* TASK OBJECTIVE: Restate word for word the lines of the listing below, from its first line through the line with "Step 2: Add", without the pictures.

* PROVIDED MATERIAL:
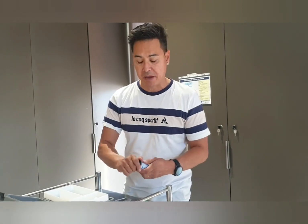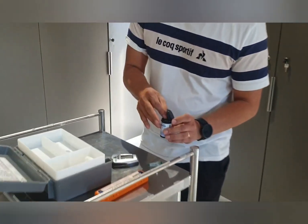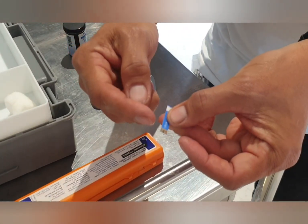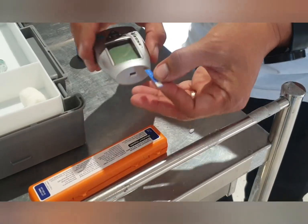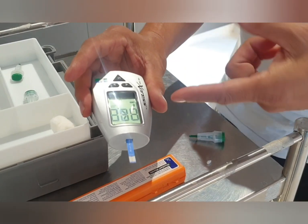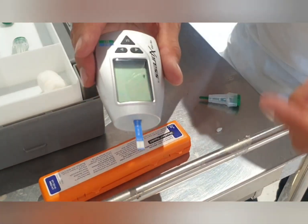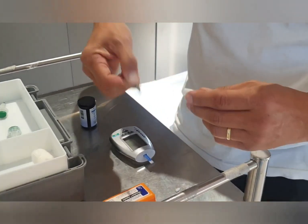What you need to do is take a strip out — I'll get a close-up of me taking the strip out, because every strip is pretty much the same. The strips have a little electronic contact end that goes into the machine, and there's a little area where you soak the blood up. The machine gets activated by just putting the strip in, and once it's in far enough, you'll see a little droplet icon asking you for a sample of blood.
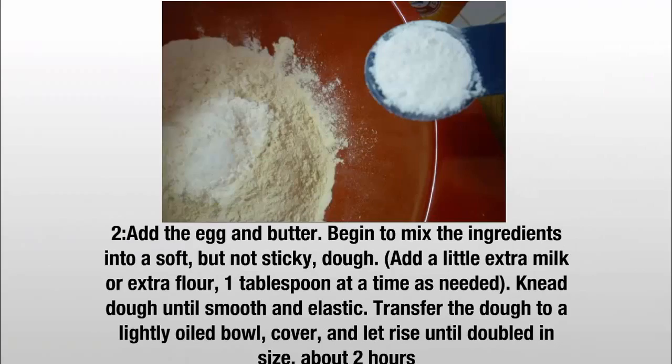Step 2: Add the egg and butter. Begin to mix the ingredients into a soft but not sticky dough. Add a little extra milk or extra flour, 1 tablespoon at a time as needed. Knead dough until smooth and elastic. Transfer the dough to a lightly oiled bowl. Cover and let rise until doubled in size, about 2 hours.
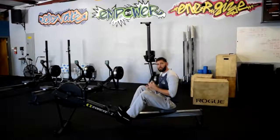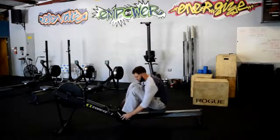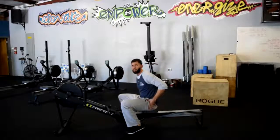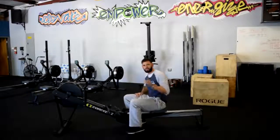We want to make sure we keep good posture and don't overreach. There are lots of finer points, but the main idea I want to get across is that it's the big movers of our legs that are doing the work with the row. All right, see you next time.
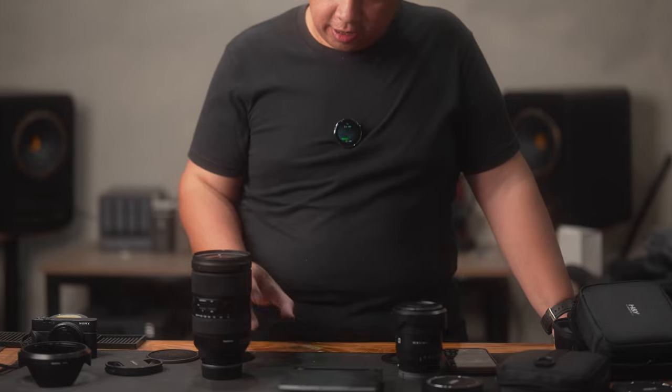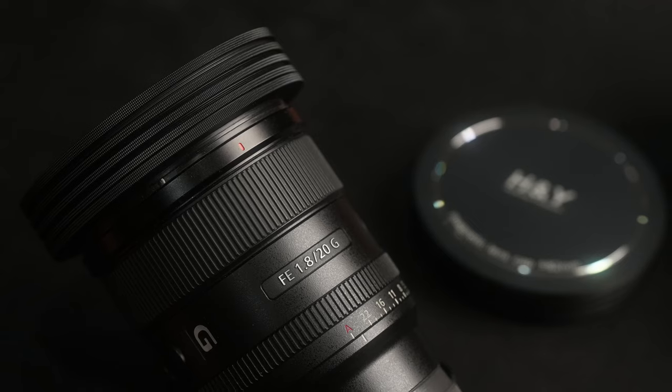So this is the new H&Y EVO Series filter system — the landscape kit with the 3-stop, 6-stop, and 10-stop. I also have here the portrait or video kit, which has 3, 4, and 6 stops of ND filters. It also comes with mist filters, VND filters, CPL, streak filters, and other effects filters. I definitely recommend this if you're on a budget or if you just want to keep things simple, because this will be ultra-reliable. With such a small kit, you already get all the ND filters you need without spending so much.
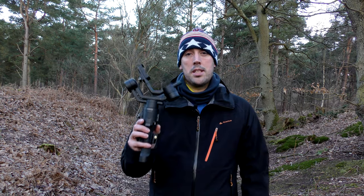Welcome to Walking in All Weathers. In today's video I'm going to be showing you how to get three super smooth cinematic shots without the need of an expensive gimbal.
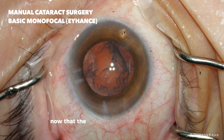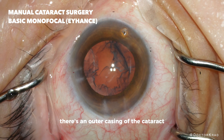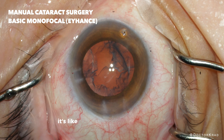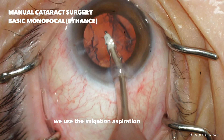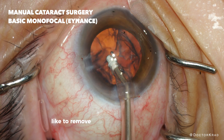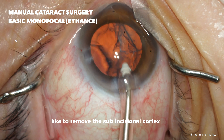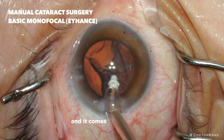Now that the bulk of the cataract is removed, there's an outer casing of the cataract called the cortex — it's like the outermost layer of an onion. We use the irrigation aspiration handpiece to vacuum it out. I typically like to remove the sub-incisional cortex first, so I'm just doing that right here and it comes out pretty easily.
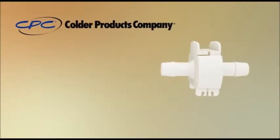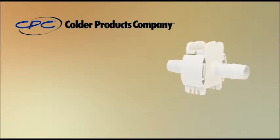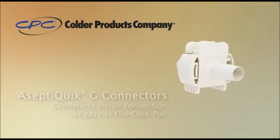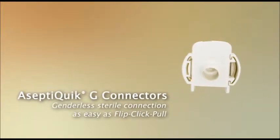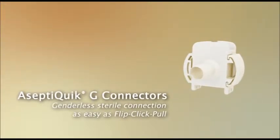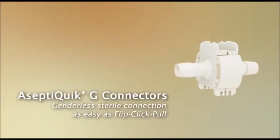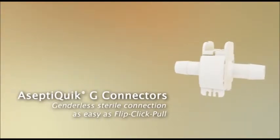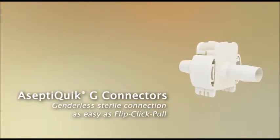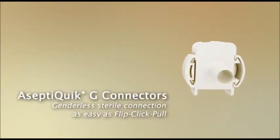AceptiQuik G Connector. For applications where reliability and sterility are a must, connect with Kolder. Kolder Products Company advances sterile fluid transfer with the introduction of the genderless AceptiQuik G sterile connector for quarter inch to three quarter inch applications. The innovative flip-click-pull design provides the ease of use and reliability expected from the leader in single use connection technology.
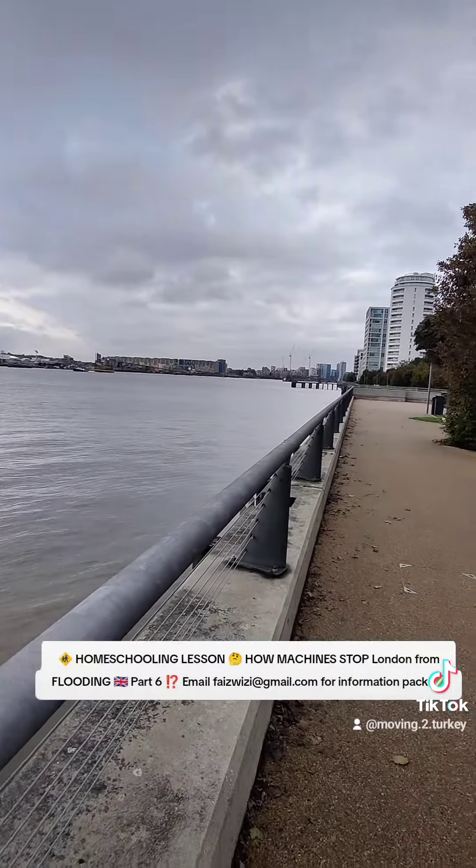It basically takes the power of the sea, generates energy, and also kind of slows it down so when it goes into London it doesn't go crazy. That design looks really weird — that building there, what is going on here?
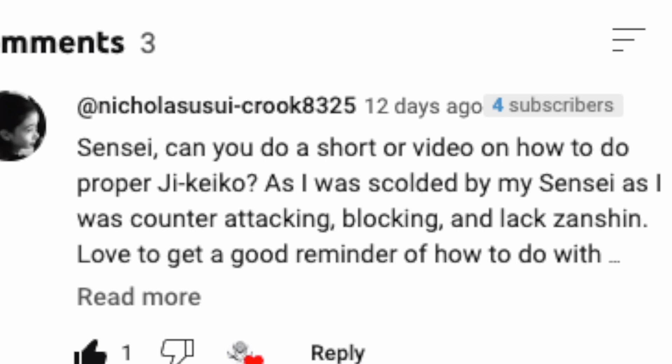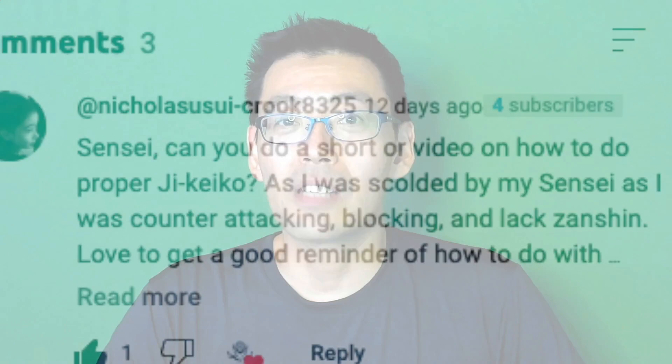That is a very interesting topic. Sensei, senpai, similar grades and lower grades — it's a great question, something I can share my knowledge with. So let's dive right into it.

* SOLUTION TO THIS PROBLEM:
What you need to do is take a strip out — I'll get a close-up of me taking the strip out, because every strip is pretty much the same. The strips have a little electronic contact end that goes into the machine, and there's a little area where you soak the blood up. The machine gets activated by just putting the strip in, and once it's in far enough, you'll see a little droplet icon asking you for a sample of blood.
Step 2: Add the egg and butter. Begin to mix the ingredients into a soft but not sticky dough. Add a little extra milk or extra flour, 1 tablespoon at a time as needed. Knead dough until smooth and elastic. Transfer the dough to a lightly oiled bowl. Cover and let rise until doubled in size, about 2 hours.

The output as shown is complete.